» What you are asked to do
In the entries below, which lines run from the one containing "Hurricane 9K57 (4).jpg" to the one containing "best budget mtb shoes for flat pedals"? Copy exactly those lines, ends included, and no others.
Extracted information Block Start
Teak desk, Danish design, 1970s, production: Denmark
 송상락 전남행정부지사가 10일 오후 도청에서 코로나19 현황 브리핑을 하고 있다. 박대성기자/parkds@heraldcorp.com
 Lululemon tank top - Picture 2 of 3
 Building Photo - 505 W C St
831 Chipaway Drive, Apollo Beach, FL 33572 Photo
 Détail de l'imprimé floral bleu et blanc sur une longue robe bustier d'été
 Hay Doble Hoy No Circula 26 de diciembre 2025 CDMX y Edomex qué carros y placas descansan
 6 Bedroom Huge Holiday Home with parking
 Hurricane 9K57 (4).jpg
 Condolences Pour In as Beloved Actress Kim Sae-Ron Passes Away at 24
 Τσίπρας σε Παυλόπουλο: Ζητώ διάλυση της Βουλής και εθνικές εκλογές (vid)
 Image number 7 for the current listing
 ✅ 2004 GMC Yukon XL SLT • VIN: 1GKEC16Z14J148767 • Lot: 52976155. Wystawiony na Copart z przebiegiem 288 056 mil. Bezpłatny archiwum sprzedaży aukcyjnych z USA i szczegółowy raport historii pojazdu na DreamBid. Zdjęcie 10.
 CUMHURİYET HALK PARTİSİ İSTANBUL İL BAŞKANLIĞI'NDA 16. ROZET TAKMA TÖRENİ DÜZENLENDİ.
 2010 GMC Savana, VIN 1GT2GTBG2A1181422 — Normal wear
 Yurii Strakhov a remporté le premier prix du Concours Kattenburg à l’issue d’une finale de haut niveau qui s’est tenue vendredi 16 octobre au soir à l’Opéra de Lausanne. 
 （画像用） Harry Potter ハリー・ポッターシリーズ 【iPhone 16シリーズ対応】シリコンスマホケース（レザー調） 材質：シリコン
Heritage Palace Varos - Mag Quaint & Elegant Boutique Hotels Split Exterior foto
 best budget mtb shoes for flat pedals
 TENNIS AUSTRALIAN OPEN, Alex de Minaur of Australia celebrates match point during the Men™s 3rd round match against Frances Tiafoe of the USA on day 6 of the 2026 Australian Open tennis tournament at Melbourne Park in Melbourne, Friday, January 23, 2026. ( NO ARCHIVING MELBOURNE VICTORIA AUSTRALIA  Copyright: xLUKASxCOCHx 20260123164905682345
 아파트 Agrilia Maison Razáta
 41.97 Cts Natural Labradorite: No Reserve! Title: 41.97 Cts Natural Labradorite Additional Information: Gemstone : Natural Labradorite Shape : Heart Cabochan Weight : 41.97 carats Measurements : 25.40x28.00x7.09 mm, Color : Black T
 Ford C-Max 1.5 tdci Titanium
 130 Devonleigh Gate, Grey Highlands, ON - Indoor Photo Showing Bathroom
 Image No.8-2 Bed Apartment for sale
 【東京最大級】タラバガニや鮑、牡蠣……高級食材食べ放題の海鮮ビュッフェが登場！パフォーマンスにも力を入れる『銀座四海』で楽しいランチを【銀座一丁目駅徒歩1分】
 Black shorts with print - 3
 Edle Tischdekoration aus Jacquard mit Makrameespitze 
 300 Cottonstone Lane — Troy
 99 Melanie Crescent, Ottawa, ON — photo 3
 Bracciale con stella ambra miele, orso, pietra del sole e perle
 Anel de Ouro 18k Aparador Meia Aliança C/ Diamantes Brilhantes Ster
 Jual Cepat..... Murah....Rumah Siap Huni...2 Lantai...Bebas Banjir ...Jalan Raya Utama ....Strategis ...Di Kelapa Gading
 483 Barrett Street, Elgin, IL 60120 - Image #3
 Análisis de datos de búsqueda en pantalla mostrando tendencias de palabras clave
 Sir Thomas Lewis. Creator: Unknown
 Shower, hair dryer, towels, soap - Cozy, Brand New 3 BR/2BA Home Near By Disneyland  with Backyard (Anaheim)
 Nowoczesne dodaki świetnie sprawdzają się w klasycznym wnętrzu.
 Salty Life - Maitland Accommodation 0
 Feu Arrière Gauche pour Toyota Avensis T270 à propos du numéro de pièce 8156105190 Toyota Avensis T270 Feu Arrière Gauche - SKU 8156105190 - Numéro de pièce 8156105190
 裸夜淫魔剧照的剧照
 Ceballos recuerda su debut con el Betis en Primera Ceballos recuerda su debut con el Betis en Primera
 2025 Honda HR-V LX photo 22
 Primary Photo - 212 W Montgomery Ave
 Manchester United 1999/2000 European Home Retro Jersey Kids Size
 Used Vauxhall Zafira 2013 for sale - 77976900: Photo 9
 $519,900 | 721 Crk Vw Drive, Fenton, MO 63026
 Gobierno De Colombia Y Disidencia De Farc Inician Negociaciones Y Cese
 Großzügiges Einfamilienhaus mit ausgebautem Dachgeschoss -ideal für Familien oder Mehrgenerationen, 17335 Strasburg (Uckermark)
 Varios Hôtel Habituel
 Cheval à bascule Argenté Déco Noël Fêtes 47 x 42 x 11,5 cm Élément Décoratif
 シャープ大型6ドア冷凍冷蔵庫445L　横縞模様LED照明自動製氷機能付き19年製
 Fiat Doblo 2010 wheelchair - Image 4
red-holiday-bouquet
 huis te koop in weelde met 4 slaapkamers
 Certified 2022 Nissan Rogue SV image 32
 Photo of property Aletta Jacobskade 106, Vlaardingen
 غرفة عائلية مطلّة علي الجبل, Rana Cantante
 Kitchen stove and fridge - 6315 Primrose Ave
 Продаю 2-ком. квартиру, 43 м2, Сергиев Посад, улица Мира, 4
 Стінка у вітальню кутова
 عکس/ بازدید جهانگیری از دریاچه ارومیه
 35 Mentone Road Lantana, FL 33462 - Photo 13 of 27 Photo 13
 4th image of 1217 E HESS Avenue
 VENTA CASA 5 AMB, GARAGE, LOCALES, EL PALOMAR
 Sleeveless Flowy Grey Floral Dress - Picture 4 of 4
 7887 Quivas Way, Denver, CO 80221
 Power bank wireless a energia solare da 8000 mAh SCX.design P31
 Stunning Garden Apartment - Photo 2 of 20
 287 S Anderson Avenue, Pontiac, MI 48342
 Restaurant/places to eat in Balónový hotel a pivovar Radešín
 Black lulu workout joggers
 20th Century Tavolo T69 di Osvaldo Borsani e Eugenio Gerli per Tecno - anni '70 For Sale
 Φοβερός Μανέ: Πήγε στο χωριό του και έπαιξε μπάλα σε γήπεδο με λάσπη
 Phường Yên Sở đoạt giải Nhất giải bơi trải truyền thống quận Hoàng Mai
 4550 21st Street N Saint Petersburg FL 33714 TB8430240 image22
Extracted information Block End
» Task response
 Hurricane 9K57 (4).jpg
 Condolences Pour In as Beloved Actress Kim Sae-Ron Passes Away at 24
 Τσίπρας σε Παυλόπουλο: Ζητώ διάλυση της Βουλής και εθνικές εκλογές (vid)
 Image number 7 for the current listing
 ✅ 2004 GMC Yukon XL SLT • VIN: 1GKEC16Z14J148767 • Lot: 52976155. Wystawiony na Copart z przebiegiem 288 056 mil. Bezpłatny archiwum sprzedaży aukcyjnych z USA i szczegółowy raport historii pojazdu na DreamBid. Zdjęcie 10.
 CUMHURİYET HALK PARTİSİ İSTANBUL İL BAŞKANLIĞI'NDA 16. ROZET TAKMA TÖRENİ DÜZENLENDİ.
 2010 GMC Savana, VIN 1GT2GTBG2A1181422 — Normal wear
 Yurii Strakhov a remporté le premier prix du Concours Kattenburg à l’issue d’une finale de haut niveau qui s’est tenue vendredi 16 octobre au soir à l’Opéra de Lausanne. 
 （画像用） Harry Potter ハリー・ポッターシリーズ 【iPhone 16シリーズ対応】シリコンスマホケース（レザー調） 材質：シリコン
Heritage Palace Varos - Mag Quaint & Elegant Boutique Hotels Split Exterior foto
 best budget mtb shoes for flat pedals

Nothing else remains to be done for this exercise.